These are the key concepts you need to understand to accurately answer the question.

Understanding Linear Recurrence Relations
A linear recurrence relation is a sequence where each term is defined as a linear combination of its preceding terms. These recurrence relations play a pivotal role in mathematics and computer science because they provide a way to describe complex sequences and systems.
Consider the sequence \(1, 4, 7, 10, ...\). This is a simple linear sequence where each term after the first begins with the previous term plus three. A more complex version involves combining several previous terms, scaled by constants, also known as coefficients. This is the foundation of Markov sequences.
When solving problems with linear recurrence relations, it's key to identify the relation's order, the coefficients, and initial conditions. The 'order' refers to how many previous terms in the sequence are used for the calculations of the following terms.
With linear recurrence relations, unique solutions can often be determined by a given set of initial conditions, which are the first few terms of the sequence. Once these are known, the entire sequence can theoretically be unfolded. Therefore, understanding the nature of these relations is vital for students aiming to solve complex problems involving sequences in mathematics.
Decoding Generating Functions
A generating function is an infinite series that encodes the information of a sequence. The beauty of generating functions lies in their ability to simplify the handling of sequences, particularly when working with combinatorial problems or, as in our case, Markov sequences.
In essence, each term in the sequence is associated with a corresponding term in the power series. The coefficients of \(x^n\) in the power series \(A(x)\) are precisely the terms of the sequence, and \(A(x)\) serves as a compact representation. This can be incredibly powerful, as operations on generating functions can correlate to meaningful operations on the sequences they represent.
Consider the function \(A(x) = a_0 + a_1x + a_2x^2 + ...\) where \(a_n\) are the terms of a sequence. This power series is not just a list of terms; it's a tool that enables us to utilize calculus and algebraic techniques to work with the sequence. For instance, differentiating or integrating \(A(x)\) can yield another generating function that provides insights into the original sequence. Thus, mastering generating functions is crucial for students to solve and understand a range of problems in discrete mathematics and in working with Markov sequences.
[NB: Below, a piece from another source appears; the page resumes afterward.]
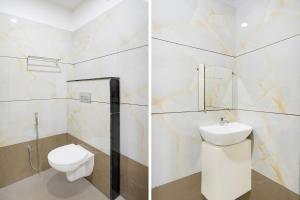 a bathroom with a toilet and a sink at Super Townhouse Rajendra Nagar Main Road in Indore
Exploring Rational Generating Series
A rational generating series is a generating function that can be expressed as the ratio of two polynomials. This property is highly significant, as sequences represented by rational generating series bear the hallmark of having a predictable and regular structure—often indicative of a linear recurrence relation.
Due to their rational nature, these generating functions can be manipulated algebraically to unearth the underlying recurrence relations of the sequence. For example, in the case of a Markov sequence, the generating function yields a polynomial equation that implicitly contains the sequence's recurrence relation.
The practicality of a rational generating series cannot be overstated. By handling these as fractions of polynomials, students can apply long-established polynomial algebra to solve them. This includes tasks such as partial fraction decomposition, polynomial division, and finding roots.
It is also worth noting for students that not all generating series are rational. Determining whether a generating series is rational can be a pivotal decision point in choosing the correct approach to solve a problem involving sequences—further emphasizing the importance of fully grasping this concept in their studies.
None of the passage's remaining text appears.